For services dataflow, it is reasonable to assume that all the servers will be updated first, and all the clients second. Thus, we only need backward compatibility on requests, and forward compatibility on responses.

Service compatibility is made harder by the fact that RPC is often used for communication across organizational boundaries, so the provider of a service often has no control over its clients and cannot force them to upgrade.

For RESTful APIs, common approaches are to use a version number in the URL or in the HTTP Accept header.

Dataflow through asynchronous message passing

  • Service → one process sends a request over the network to another process and expects a response as quickly as possible
  • Database → one process writes encoded data, and another process reads it again sometime in the future

The asynchronous message-passing systems, which are somewhere between RPC and databases.

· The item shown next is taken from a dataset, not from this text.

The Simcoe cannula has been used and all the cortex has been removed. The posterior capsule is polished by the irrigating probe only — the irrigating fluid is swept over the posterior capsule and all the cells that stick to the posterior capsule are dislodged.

They are similar to RPC in that a client’s request (usually called a message) is delivered to another process with low latency. They are similar to databases in that the message is not sent via a direct network connection, but goes via an intermediary called a message broker (a.k.a. message queue), which stores the message temporarily.

one database → store message in queue + two RPC → sender with queue, queue with receiver

Using a message broker has several advantages compared to direct RPC:

  • It can act as a buffer if the recipient is unavailable or overloaded, and thus improve system reliability.
  • It can automatically redeliver messages to a process that has crashed, and thus prevent messages from being lost.
  • It avoids the sender needing to know the IP address and port number of the recipient.
  • It allows one message to be sent to several recipients.
  • It logically decouples the sender from the recipient because the sender just publishes messages and doesn’t care who consumes them.

However, a difference compared to RPC is that message-passing communication is usually one-way: a sender normally doesn’t expect to receive a reply to its messages. This communication pattern is asynchronous: the sender doesn’t wait for the message to be delivered, but simply sends it and then forgets about it.

message broker

Message brokers are used as follows: one process sends a message to a named queue or topic, and the broker ensures that the message is delivered to one or more consumers of or subscribers to that queue or topic.

  • several consumers share one topic (mutual exclusive)
  • every consumer own its topic

A topic provides only one-way dataflow. However, a consumer may itself publish messages to another topic like a chain, or to a reply queue that is consumed by the sender of the original message. So by combining several topics together, we can achieve complex topology.